I’m equally interested in each phase of modeling: conceptualization and formalization, data collection and processing, model development, and model deployment. I always value models that can teach us more in return. I love adding intelligence to the process. Ironically, more intelligence usually means less technology. And that’s the way it should be: sensors come and go, but learning is forever.

Modeling lies at the heart of how we understand the world and its emerging properties. Mathematical modeling, in particular, describes a system using mathematical terms. The clear advantage of having our models written in a communicable language is that we can share our ideas with the world. If we’re lucky, our ideas push human knowledge forward.

I enrolled in an engineering course to study robotics and ended up studying the most wonderfully made machine: the human body. Sport performance requires a combination of the best qualities of the human body, making it human movement in its best form. Physiology is what makes movement possible, hence human movement in its fundamental terms.

🛠️ HOW

I apply a blend of methodologies to the development and deployment of mathematical models. I collect or retrieve experimental data, then build a mathematical model that can best describe their behavior. I either follow first principles, writing differential equations by hand, or I blend mathematical equations with hard numerical approaches, such as neural networks or machine learning models.

I love to deploy my models on basic web applications with Flask or carry out real-time projects with Tornado and Raspberry Pis or Arduino boards. I enjoy creating POCs so stakeholders can try and break my ideas, as well as attempting something at the edge of the unknown. I deploy on AWS or Heroku, mostly creating Dockerized versions of them. I create endpoints and API services for them, and I might want to sell their usage one day.

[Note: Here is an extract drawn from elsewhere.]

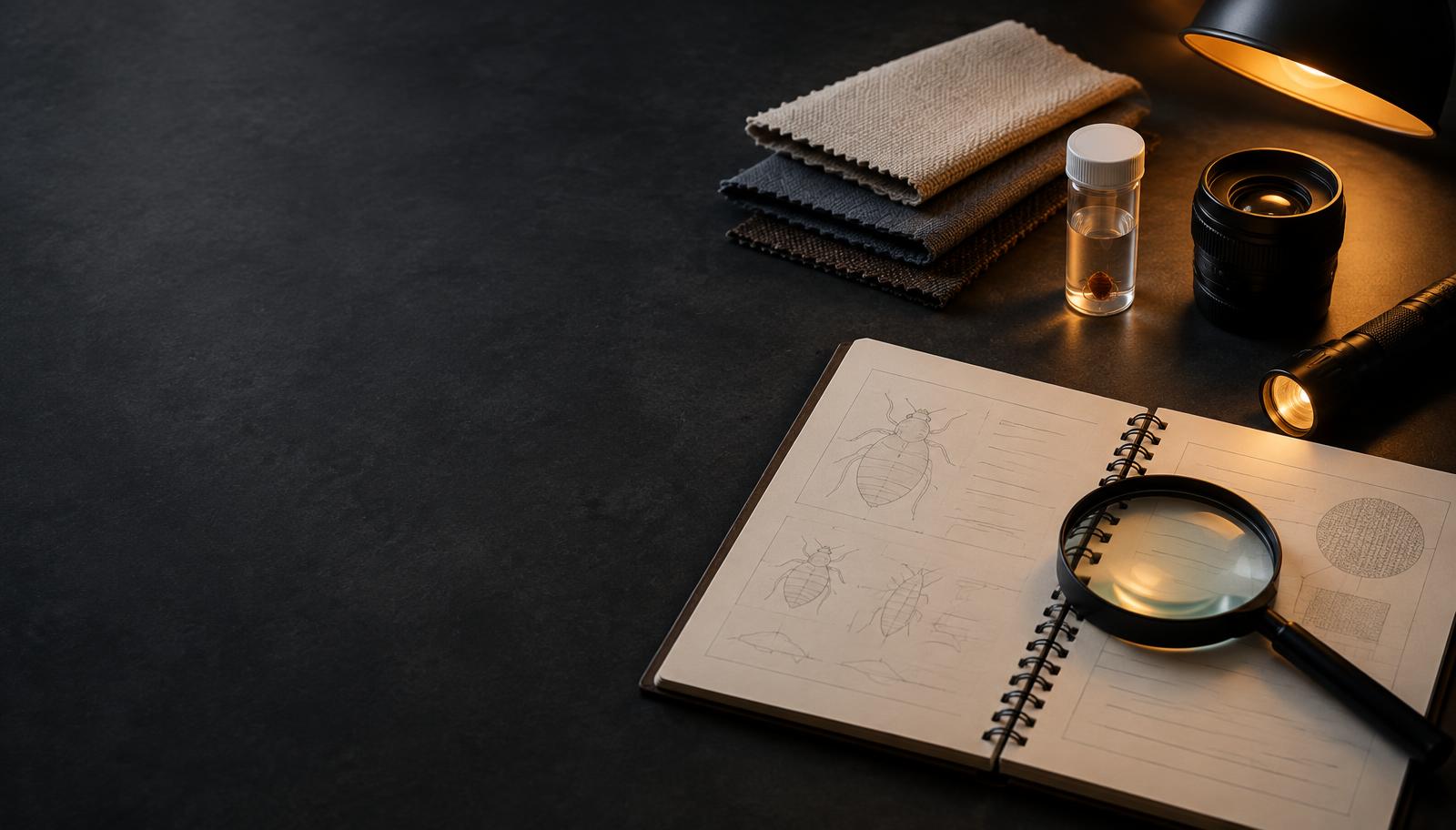 Bed bug research notes, inspection tools and reference materials on a professional desk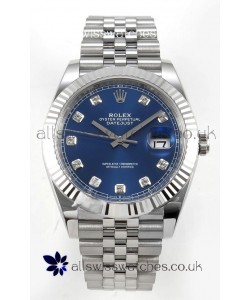 Datejust Super Clone 126334 Blue Diamonds Dial 41MM FREE SPRUNG MVMNT 3235 Watch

I have been making heavy use of Python for 8 years now, but I come from a MATLAB background—which is not always a point of pride. I challenge myself by trying JS scripts and managing to print endless pages of warnings, busy servers, Node package errors, and exceeding memory limits on Heroku. I then engineer solutions to get rid of those… and create new ones, even more challenging.

I have a deep admiration for those who think in statistical terms and probabilities.

In recent years, I have been profoundly changed by the vectorization of tokens and by the concept that the trajectories of ideas in the thinking space are deviated by information density as much as light is bent by mass in spacetime.

🚀 WHAT

In short: I apply a scientific research mindset to the startup and technology world of practice. I’m taking part in the growth of Athletica.ai, an AI-driven platform that follows the basic science principles of HIIT Science. I have been involved in Supersapiens within their Science Team. I also work for other startups currently developing cutting-edge technologies, but I’m not sure whether they would like me to mention their names yet.

In the pursuit of an impossible academic career, I love writing controversial research papers that take eight rejections to get published. I challenge the status quo with modeling ideas that require a shift in thinking about human body biomechanics and physiology.

I help the community by sitting on the editorial board of Sports Engineering, where I am a proud Associate Editor. I act as a reviewer for several top-50 journals in sports science, handling at least eight papers per year. I quite enjoy exchanging ideas with people in academia and with eager young minds.